** Opening Provided entries block **

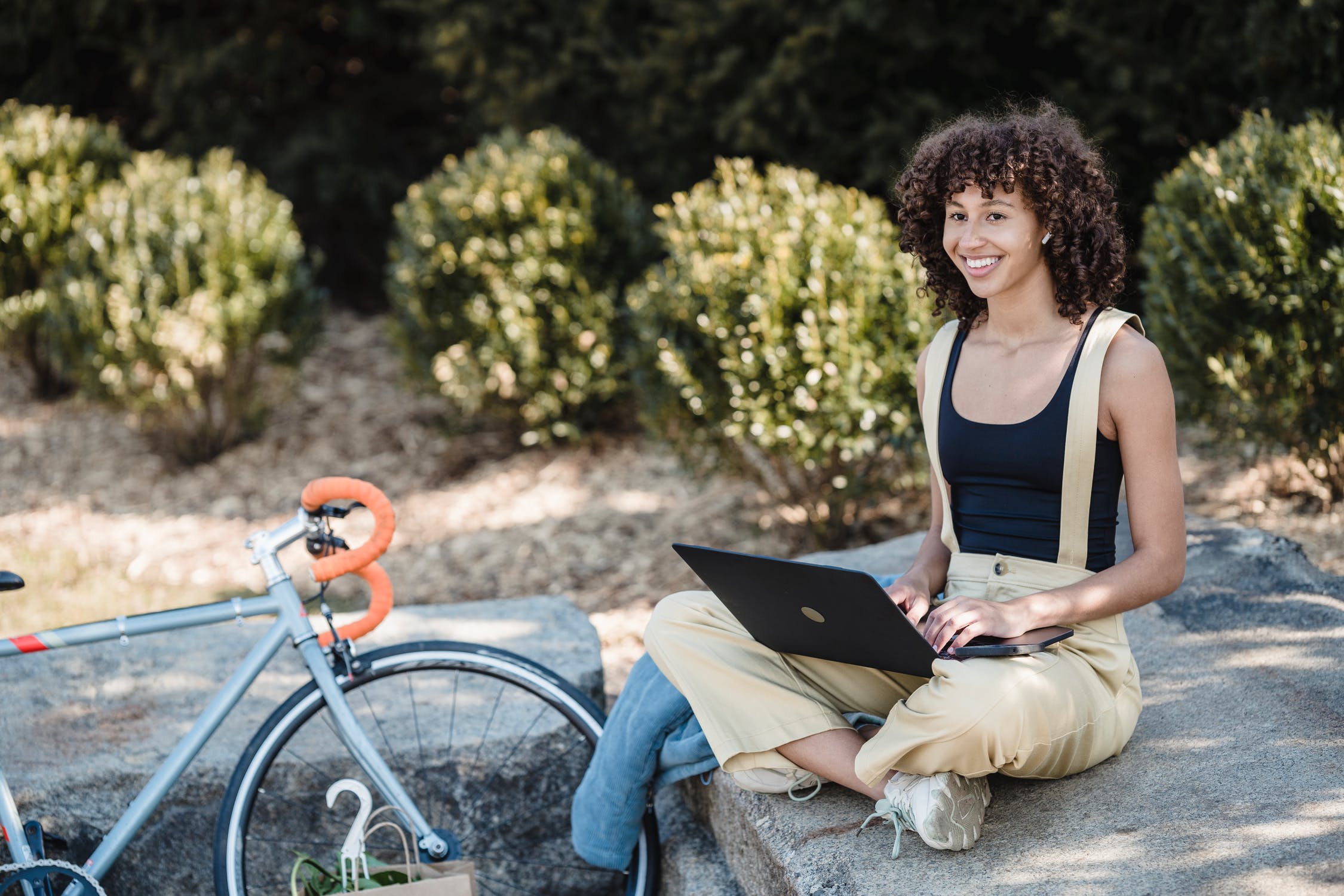 Black woman outdoors on laptop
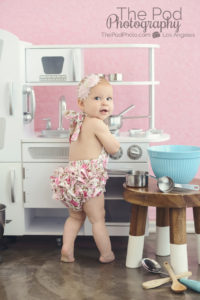 one-year-old-baby-girl-playing-in-kitchen-over-the-shoulder-look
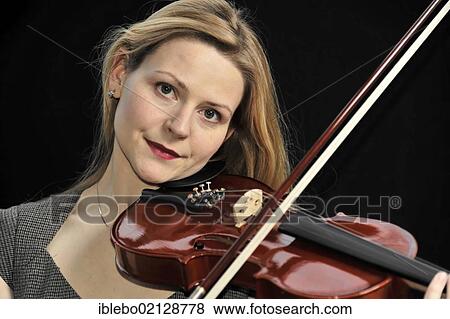 Stock Photo - Young woman playing the violin. Fotosearch
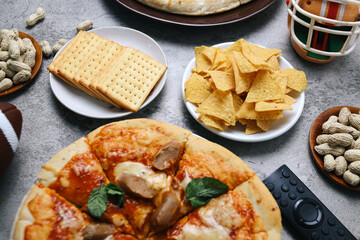 Assortments dish with pepperoni pizza, nachos or tortilla, cheese biscuits and sides on grey background. Super bowl concept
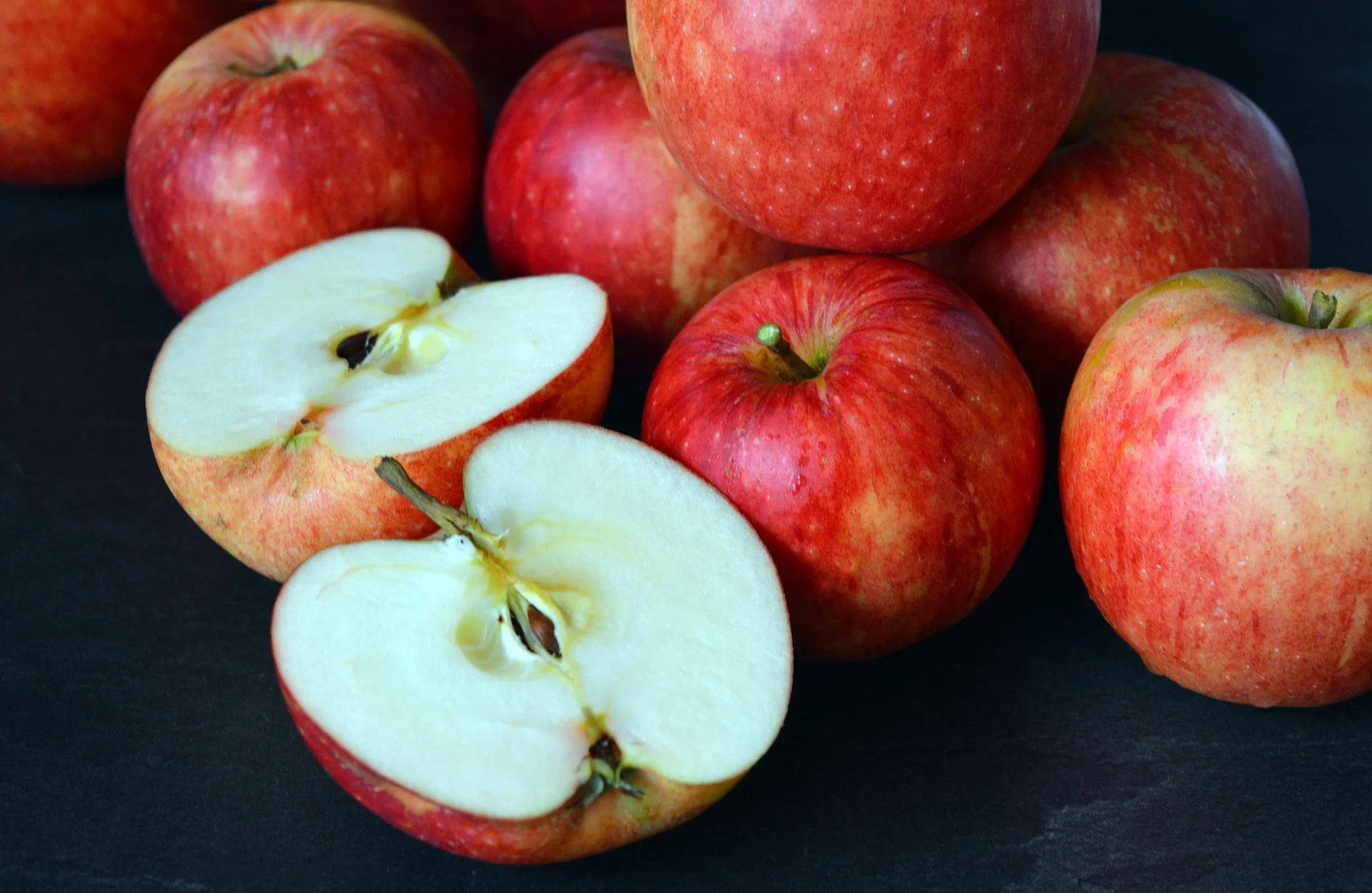 A pile of whole red gala apples with one apple sliced in half, revealing the crisp white interior and seeds, set against a dark background.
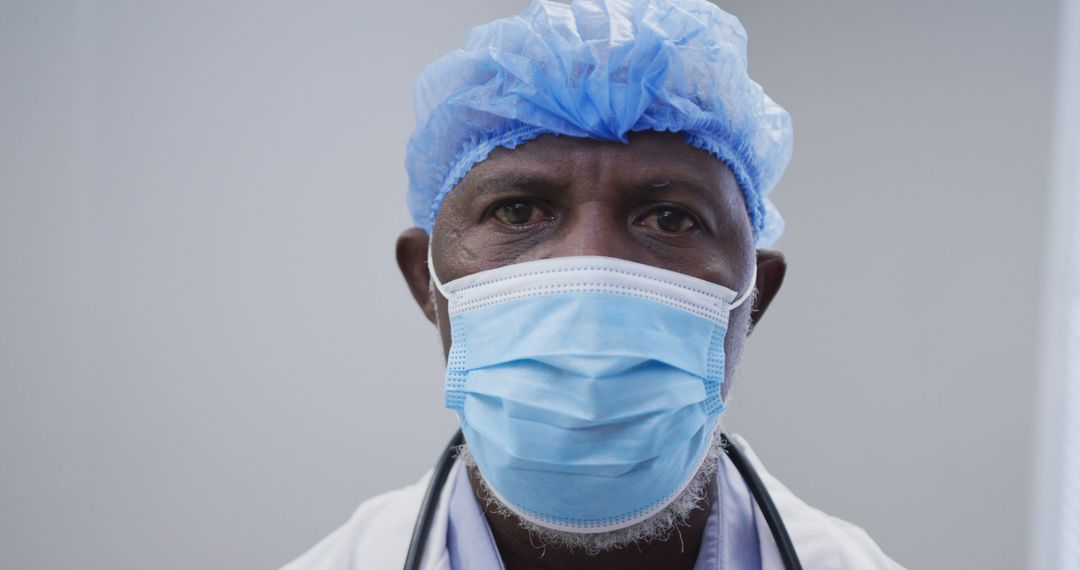 Portrait of african american male doctor wearing face mask and surgical cap - Free Images, Stock Photos and Pictures on Pikwizard.com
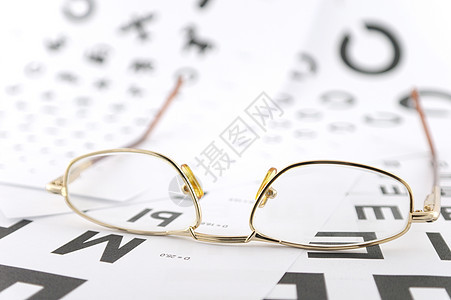 眼部血压比例上的眼镜保健验光桌子考试验光师镜片眼睛字母诊断卫生图片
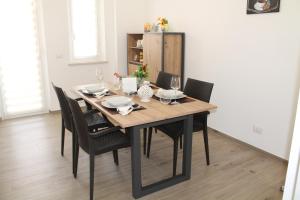 una mesa de comedor con sillas negras alrededor en Vento Di Grecale, en Erice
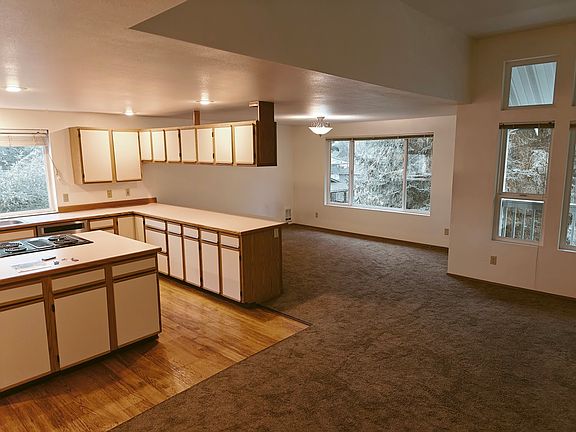 From the front entry looking toward the kitchen and dining area.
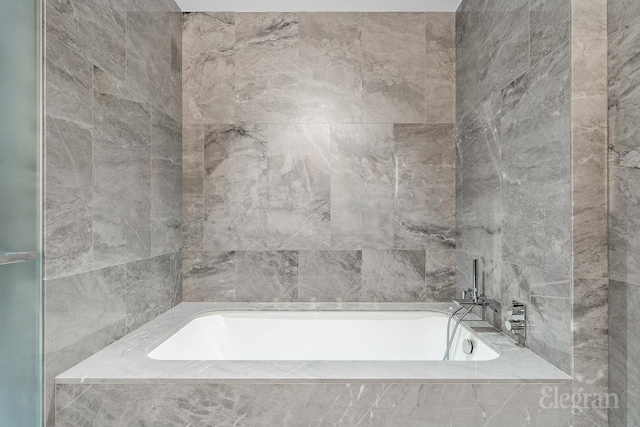 bathroom with a garden tub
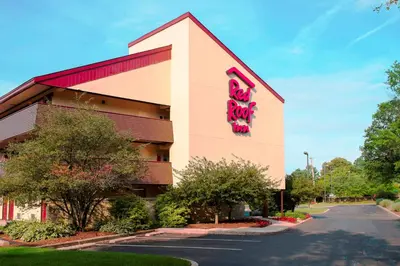 a building with a sign on the side of it at Red Roof Inn Philadelphia - Oxford Valley in Langhorne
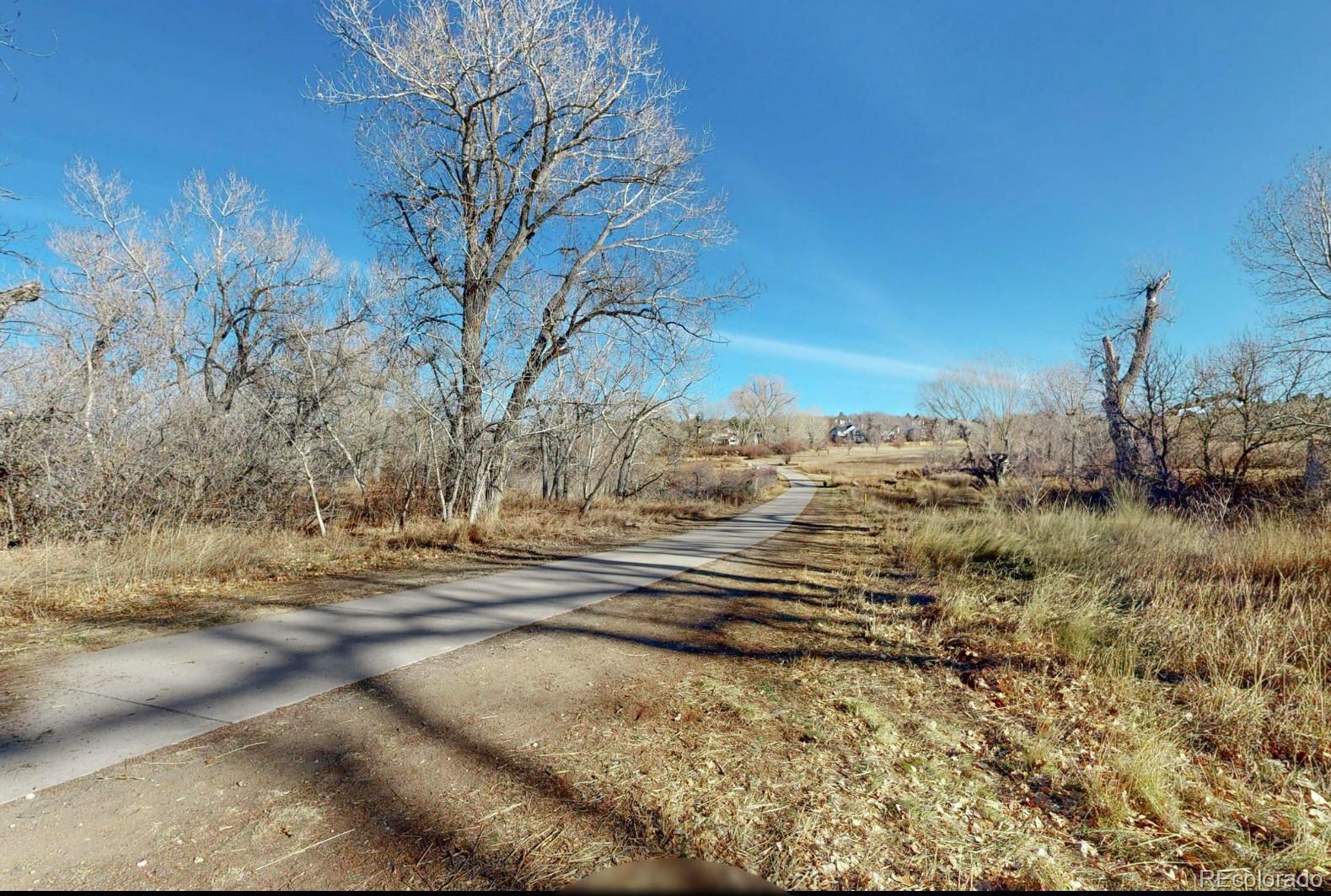 9195 Sugarstone Circle Highlands Ranch, CO 80130 - Photo 33 of 37 a view of a yard of the house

** Closing Provided entries block **

Your instructions:
For this exercise, transcribe the data exactly but without its pictures.

Expected answer:
 Black woman outdoors on laptop
 one-year-old-baby-girl-playing-in-kitchen-over-the-shoulder-look
 Stock Photo - Young woman playing the violin. Fotosearch
 Assortments dish with pepperoni pizza, nachos or tortilla, cheese biscuits and sides on grey background. Super bowl concept
 A pile of whole red gala apples with one apple sliced in half, revealing the crisp white interior and seeds, set against a dark background.
 Portrait of african american male doctor wearing face mask and surgical cap - Free Images, Stock Photos and Pictures on Pikwizard.com
 眼部血压比例上的眼镜保健验光桌子考试验光师镜片眼睛字母诊断卫生图片
 una mesa de comedor con sillas negras alrededor en Vento Di Grecale, en Erice
 From the front entry looking toward the kitchen and dining area.
 bathroom with a garden tub
 a building with a sign on the side of it at Red Roof Inn Philadelphia - Oxford Valley in Langhorne
 9195 Sugarstone Circle Highlands Ranch, CO 80130 - Photo 33 of 37 a view of a yard of the house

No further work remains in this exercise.